Rivière obtained an arts degree in Bordeaux, performed his military service, and returned in 1907 to Paris. Here he prepared a thesis at the Sorbonne on the Theodicy of Fénelon, while earning a living as a teacher at the Stanislas College. He came under the influences of Maurice Barrès, André Gide and Paul Claudel, with whom he corresponded. On 24 August 1908, Rivière married Isabelle Alban-Fournier, his friend Henri's younger sister. In 1913, he explicitly declared his Catholicism.
After writing for the literary revue L'Occident, Rivière became a sub-editor of the NRF in 1912. He also began to write literary criticism, which he collected and published under the title of Études. The essays in this book reveal Rivière's excellent sense of psychology.

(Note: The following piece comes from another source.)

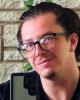 Steven is single in Gages Lake, IL USA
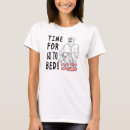 Search for plan 9 tshirts Horror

Rivière was mobilized in 1914 in the 220th infantry, and was captured on 24 August, in an early battle. Imprisoned in a camp near Königsbrück, Saxony, he attempted several escapes, which caused him to be transferred to a disciplinary camp in Hülsberg, Hanover. His memoirs of his captivity there were published in 1918 under the title L’Allemand : souvenirs et réflexions d'un prisonnier de guerre (The German: memories and reflections of a prisoner of war). Eventually he became seriously ill, and was transferred to Switzerland where he was interned until the end of the war.
Shortly after the end of the war, Rivière restarted the NRF (whose publication had been stopped during the war). Under Rivière's direction, the NRF reappeared on 1 June 1919, and went on to publish the works of such writers as Marcel Proust, François Mauriac, Paul Valéry, Saint-John Perse, Jean Giraudoux and Jules Romains. He is remembered primarily for his 1923-24 exchange of letters with Antonin Artaud, for the remarkable ways Artaud resists Riviere's attempts at critical, literary, even psychological reduction. Around this time Rivière neglected his own career as a writer, and wrote only one short psychological novel, Aimé, published in 1922. He died of typhoid fever on 14 February 1925 in Paris.
After his death, Rivière's wife devoted herself to the posthumous classification and publication of many of his works.